The only currency of any relevance and importance is energy. Some may equate energy with love, or some other emotion or notion, but what I am talking about is metabolic energy. That is the currency of living ecosystems, and it flows freely among all organisms. There is minimal banking of metabolic energy. Plant tubers might be one example. Bears putting on fat for the winter is another. These situations are the minority, though. Energy usually passes quickly through the food web.

Economies can be viewed as redundant and inefficient ecosystems in which every niche is filled by only one species: Homo sapiens. Energy flow is disrupted as some individuals hoard money instead of releasing it to continue flowing to other niches. Nature is strict in its demand that energy flow.

Perhaps the worst aspect of money is that it has allowed us to assign arbitrary value to everything. "Precious" metals and stones are precious only because we say they are. There is a fine line between priceless and worthless. Arguably, they are two sides of the same coin. The lives of other species are priceless until we decide that the monetary value of the land they occupy can be increased by developing a shopping center....and we arbitrarily decided what the land was worth to begin with.

Money limits our creativity because we think only in terms of how we will benefit financially. We dismiss important endeavors before they get off the ground because [whining] "that's too costly," or "we can't make any money doing that." A cost-benefit analysis too often destroys potentially great achievements.

Money also actively encourages the invention of unnecessary products and services. The marketplace is full of disposable goods, mass-produced decorative objects, and all manner of substances passing themselves off as food and drink that are destructive to our individual and collective health. We are all children in the face of advertising, so easily convinced that we cannot live without a given item. Money fuels the conflict that filmmaker Ken Burns describes as the "I want versus we need."

Money allows us to judge one another not by the content of our character, but by the sum of our bank accounts, to paraphrase Dr. Martin Luther King, Jr. Wealthism should be as repulsive as racism, but instead we collectively aspire to be financially excessive. More importantly, we want to exclude others from our sense of entitlement and privilege. We want a very tangible expression of our success, but ironically define success by tangible expression. We never arrive in this scenario. It is the treadmill of status, nothing more. It is a process that erodes society instead of elevating it.
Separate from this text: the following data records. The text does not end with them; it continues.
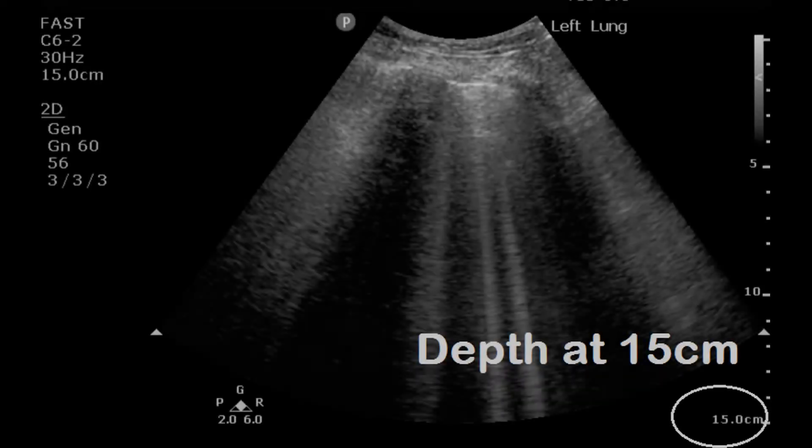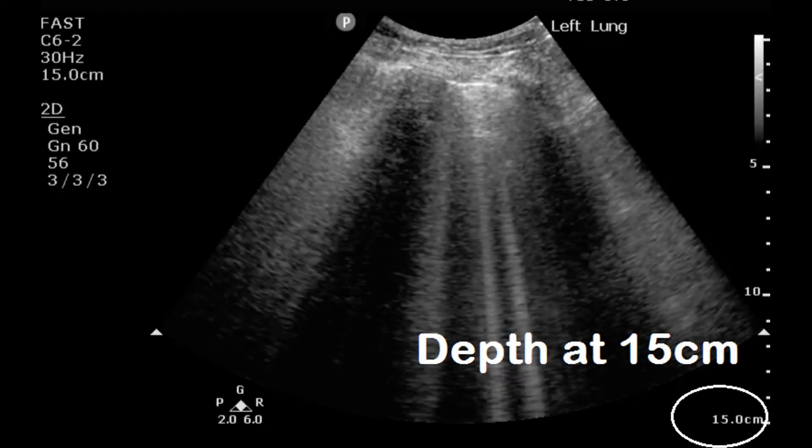Step two: set the depth to greater than 10 centimeters, typically 15 centimeters, so you confirm that the things you think are B lines actually reach the edge of the screen.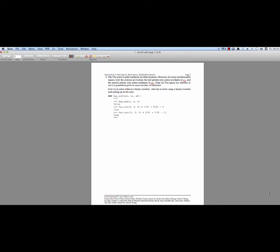Hi, this is Max for Spring 2015 CS61A. We're going to talk about discussion 2, which covered recursion and tree recursion.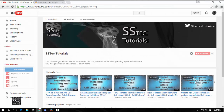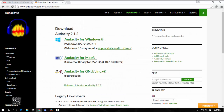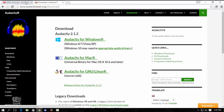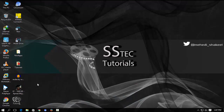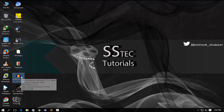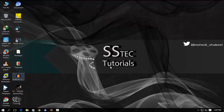First you have to download Audacity software. This is free. Download links are in the description. You have to download Audacity from here. After downloading the Audacity setup file, double click and install it.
We can no longer afford (and I use that word deliberately) to allow ourselves to be conditioned to believe that money is a limiting or freeing element of our society. What is priceless? Empathy. Respect. Honesty. Patience. Persistence. Volunteerism. Be examples of those things. Add to that list, because it will get you thinking about what is truly value-able. Meanwhile, I challenge you to imagine a world without money. What would it look like? Could we operate more justly and more efficiently without it?